Time for Corporate Change

By George Harvey

For big fossil fuel companies, the chickens are coming home to roost.

When people are unhappy with a company, one way for them to protest is to buy stock in the company and show up at the annual meeting, demanding to be heard and answered. Two organizations that have recently experienced this are the Bank of America and Comcast. Depending on the company and the rules, a group of protesters, each having a single share, can be very disruptive.

A group of organizations has taken this form of protest to a new level. Seventy organizations have come together to send letters to forty fossil fuel companies, demanding to be told what those companies were going to do about climate change and the effects it will have on their profits.

The thing that is new, and the thing that takes this to a previously unheard-of level, is that these are not environmental organizations, but rather funds, state agencies, and commercial investors. They are not holding a single share each; their combined assets are worth $3 trillion. For clarity, perhaps we should see that in numerical form; it is $3,000,000,000,000.

They are not appealing to the soft side of big business either. They are hitting its soft underbelly. They are demanding explanations of how fossil fuel companies will survive in a world undergoing changes brought about by global warming resulting from use of fossil fuels, where governments want to discourage use of their products, where their infrastructure is being damaged by human-caused phenomena, where their investments are being devalued by declining market, and where their competition is growing from sustainable power sources that do not need any fuel at all.
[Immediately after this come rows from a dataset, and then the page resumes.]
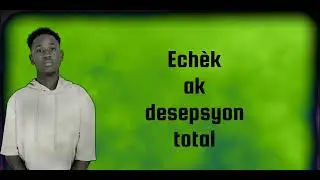 Big Den - Bèl Pwazon ( mouri poum mouri)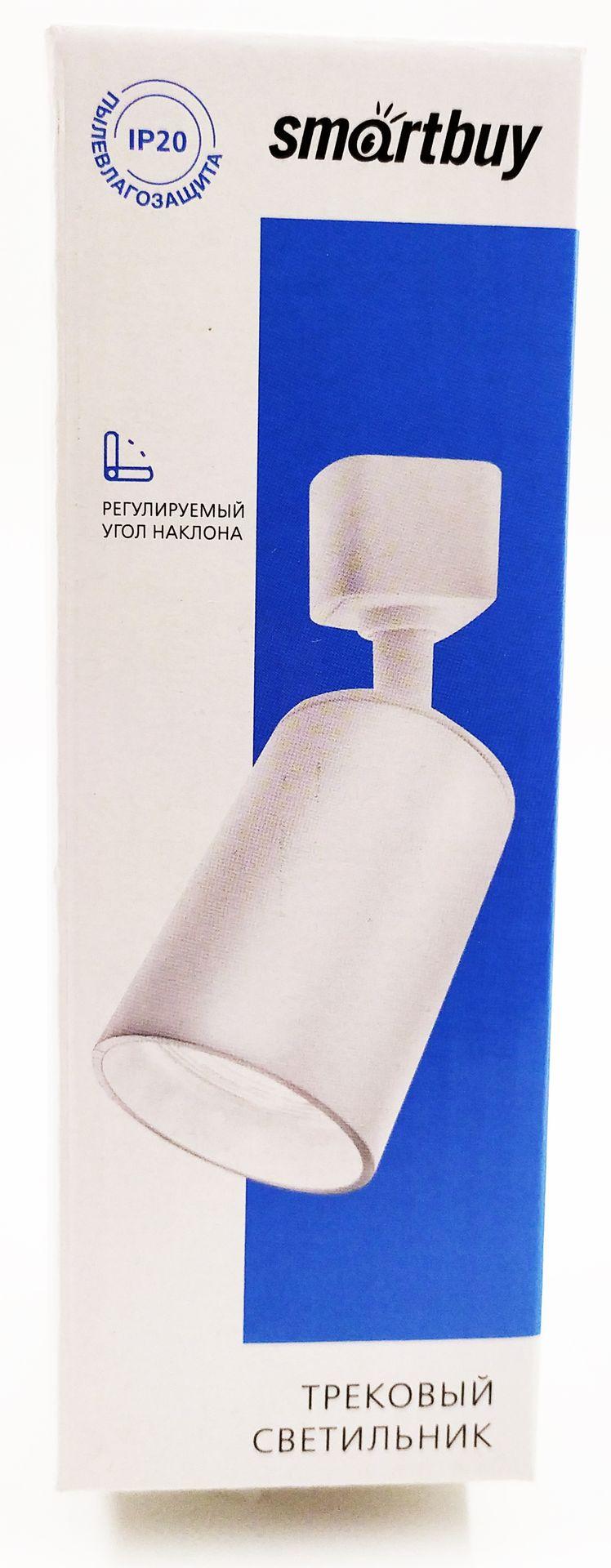 

Светильник трековый GU10 SBL-TKW4-GU10, 50Вт, IP20, SMARTBUY (SBL-TKW4-GU10), SBL-TKW4-GU10
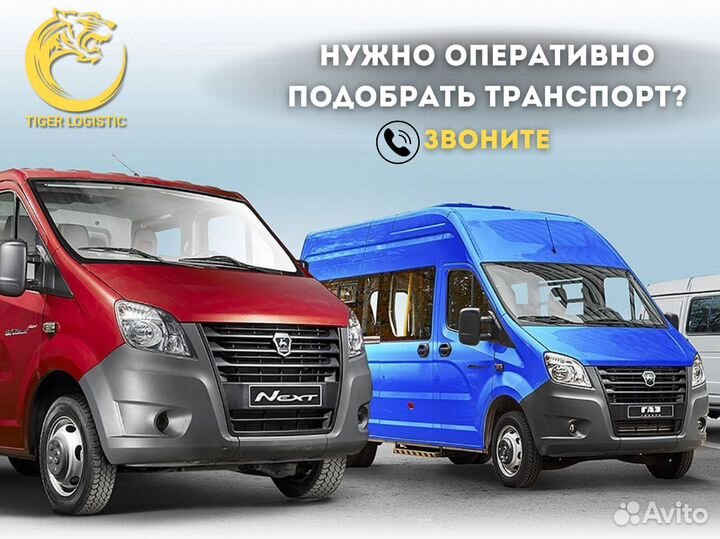 Грузоперевозки по России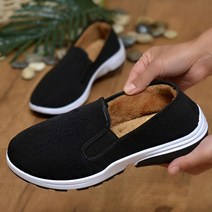 [메가쇼핑] 남성용 겨울철 스니커즈 따뜻한 털 방한화 스립온 #2094Pick 겨울 방한용품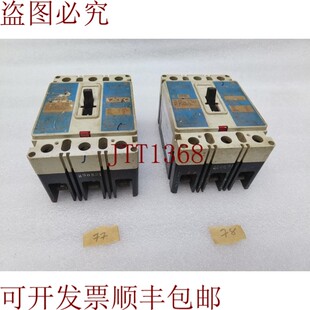 供应Westing 批量2件一日 家用支架 3030 Hfd 原装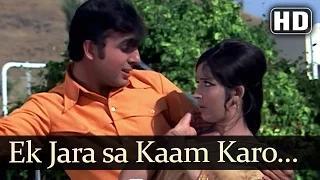 Watch Ek Zara Sa Kaam Karo (HD) - Rut Rangeeli Ayee Songs - Vijay Sharma - Kishore Kumar - Asha Bhosle [Old is Gold] Video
Some of these forty companies will almost certainly answer as demanded. After all, the investment organizations making the demands are not merely stockholders, but major stockholders – the sorts that could buy and sell big producers or, more to the point, fire their boards of directors. To be acceptable, the answers will have to acknowledge the problems they are causing, even if they deny responsibility. They are going to have to go on the record as saying that global warming is real. Some of them will probably go further and say it is manmade.

The failure to respond, which some will doubtless attempt, will be expensive. If the organizations behind the letter disinvest, the prices of stock will go down appreciably, other investors will reassess fossil fuel companies, and those investors who fail to disinvest will lose money.

A new level of change may be on the way.